Quasi tutti gli Stati latino-americani hanno dichiarato l’emergenza nazionale con l’adozione di drastiche misure eccezionali per far fronte alla minaccia del Covid-19. Una panoramica della situazione attuale.

di Laura Alessandra Nocera*

L’emergenza Coronavirus ha messo in allerta gli Stati dell’America latina, che sono ricorsi immediatamente a misure restrittive per limitare gli ingressi di cittadini europei, cinesi e statunitensi all’interno dei propri confini nazionali. Ovunque nel subcontinente latino-americano, l’emergenza ha coinciso con la fine delle vacanze estive e l’apertura delle scuole, determinando la decisione da parte di tutti i governi nazionali di prorogare la data di inizio dell’anno scolastico e dell’anno accademico di un periodo dai 15 giorni ai due mesi.

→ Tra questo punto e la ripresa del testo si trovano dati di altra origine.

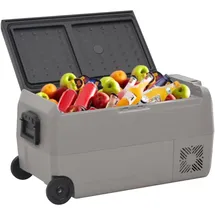 vidaXL Kühlbox mit Rollen und Griff Schwarz & Grau 36 L PP & PE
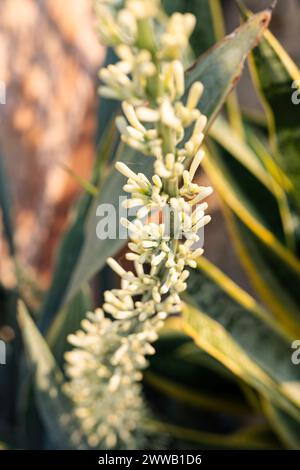 Sansevieria Snake Plant pot avec fleur blanche germanante. Tiges florales de plantes ornementales. Banque D'Images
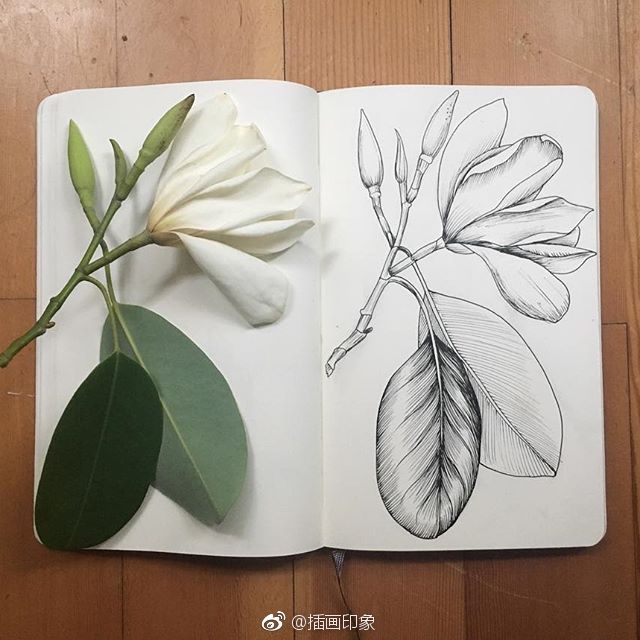 植物花卉速写~【插画师：Courtney Roth】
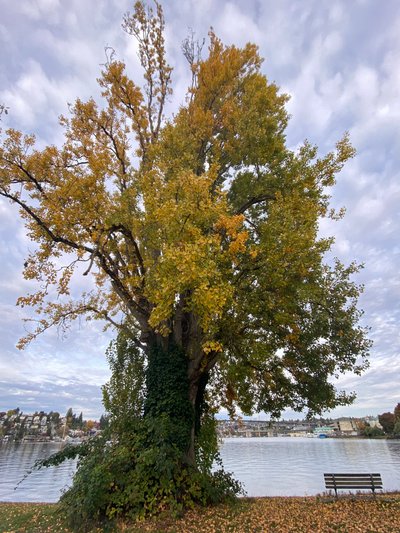 Large tree in West Montlake Park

In Argentina, dove l’emergenza è stata avvertita sin da subito in modo allarmante a causa dei frequenti contatti con l’Europa, il Presidente Alberto Fernández ha parlato a reti unificate alla nazione domenica 15 marzo per annunciare il differimento di 14 giorni dell’avvio dell’anno scolastico, la chiusura delle frontiere e l’immediata sospensione dei voli da e per l’Europa, la Cina, gli Stati Uniti e l’Iran per un termine di 30 giorni, eventualmente prorogabile. Contestualmente, Fernández ha disposto la chiusura di tutti i parchi nazionali e la cancellazione di attività ed eventi che avrebbero potuto creare assembramenti di persone, con un inasprimento delle sanzioni per tutti coloro che violano le nuove disposizioni emergenziali e lo stato di quarantena eventualmente imposto per esigenze medico-sanitarie. Tra l’altro, è necessario ricordare che l’Argentina conta il triste primato del primo morto per Covid-19 sul territorio latino-americano.

Anche in Bolivia, la Presidente ad interim Jeanine Áñez con un decreto di emergenza nazionale del 12 marzo ha disposto misure straordinarie per prevenire e contenere il contagio, autorizzando il Ministero degli Interni a schierare un dispiegamento di 10.000 forze di polizia per proteggere i confini nazionali da ingressi dall’esterno con la creazione di un cordone sanitario di emergenza. Inoltre, lo stesso decreto della Presidente ha imposto l’obbligo di dichiarazione sanitaria volontaria sul proprio stato di salute (cd. juramento sanitario) per il personale straniero di consolati e ambasciate. Le misure nazionali sono state particolarmente intensificate nei dipartimenti di Potosí, Chuquisaca, Cochabamba e Oruro, le cui amministrazioni hanno annunciato una forma di isolamento speciale fino al 31 marzo per tutti i cittadini. Rimane il rischio che possano essere sospese e rinviate le elezioni generali previste per maggio 2020.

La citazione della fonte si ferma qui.